Material shown: Begin

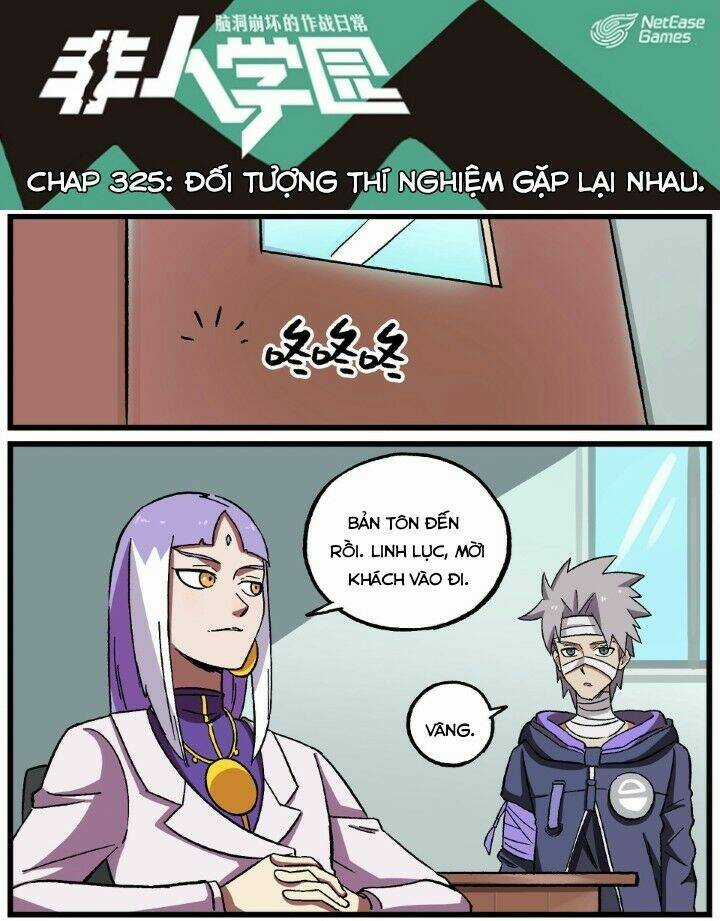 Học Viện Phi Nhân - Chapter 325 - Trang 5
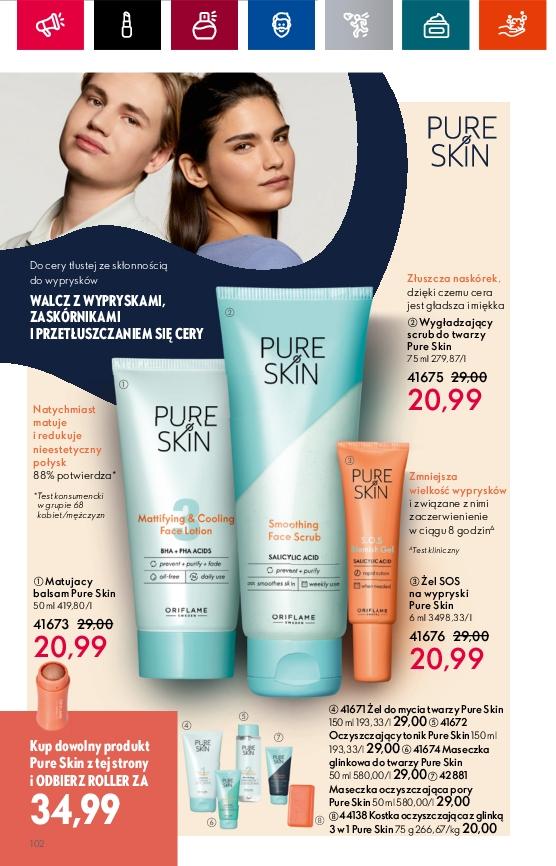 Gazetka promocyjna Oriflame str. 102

Material shown: End
Material shown: Begin

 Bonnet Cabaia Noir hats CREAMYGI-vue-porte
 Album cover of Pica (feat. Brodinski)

Material shown: End

Using the listing above, reproduce word for word every line from the one containing "Học Viện Phi Nhân - Chapter 325 - Trang 5" through the one containing "Gazetka promocyjna Oriflame str. 102". Pictures must be left out.

» **Exercise answer**:
 Học Viện Phi Nhân - Chapter 325 - Trang 5
 Gazetka promocyjna Oriflame str. 102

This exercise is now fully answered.